In a time where it seems we should be preparing our hearts to assess where we need to repent and how we can seek the Lord more, there appears to be a mindset that thinks this day is a free pass to transgress.  It sadly appears that we think we can indulge the senses and not receive reprieve.  Too often are the words, “I’ll do this and God will forgive me”, spoken.  We have a Savior who forgives, but he also commands repentance.  If we know it is not an act we should be doing we will endure consequences.  God is just because he loves with a disciplining grace.

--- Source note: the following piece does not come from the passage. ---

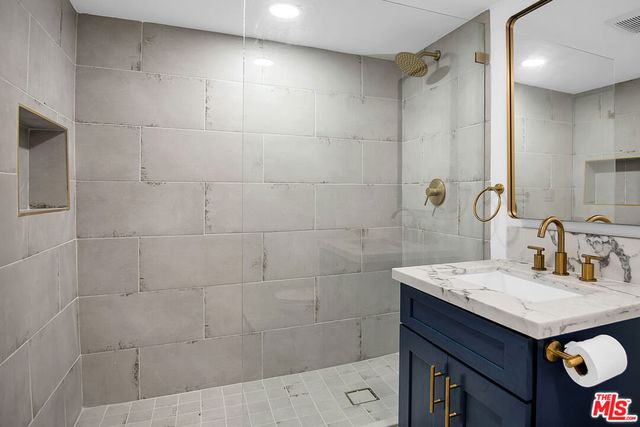 1021 N Genesee Avenue 12, West Hollywood, CA 90046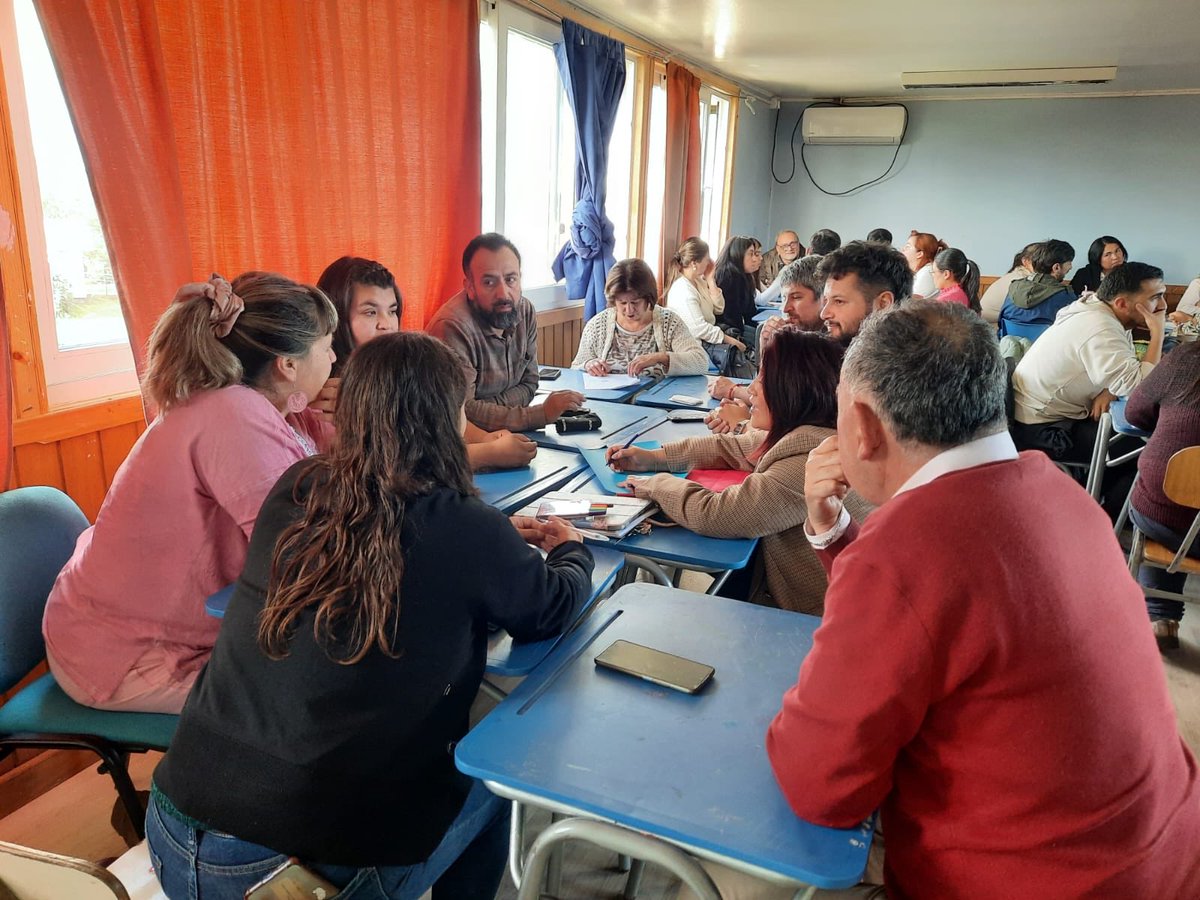 Compartimos imágenes enviadas por nuestras comunidades educativas en el marco de las jornadas de reflexión que contó con la participación de docentes, asistentes, directivos y estudiantes.

Escuela Chadmo Central y Liceos Francisco Coloane, Paulo Freire y Teresa de Los Andes.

What do we need to forsake or take up so that we become people of the Cross?  Where do we need to demolish the strongholds to let love in that we might radiate love to a broken world?  How have we willingly trudged into sin?  In what ways have we engorged on temptation and need to submit to God’s will and surrender our lives that we might access the Holy Spirit’s power?

Fat Tuesday should not be a day for reckless engagement but rather a time to meditate on what needs trimming or pruning in our lives so we become people hedged in the image of Christ.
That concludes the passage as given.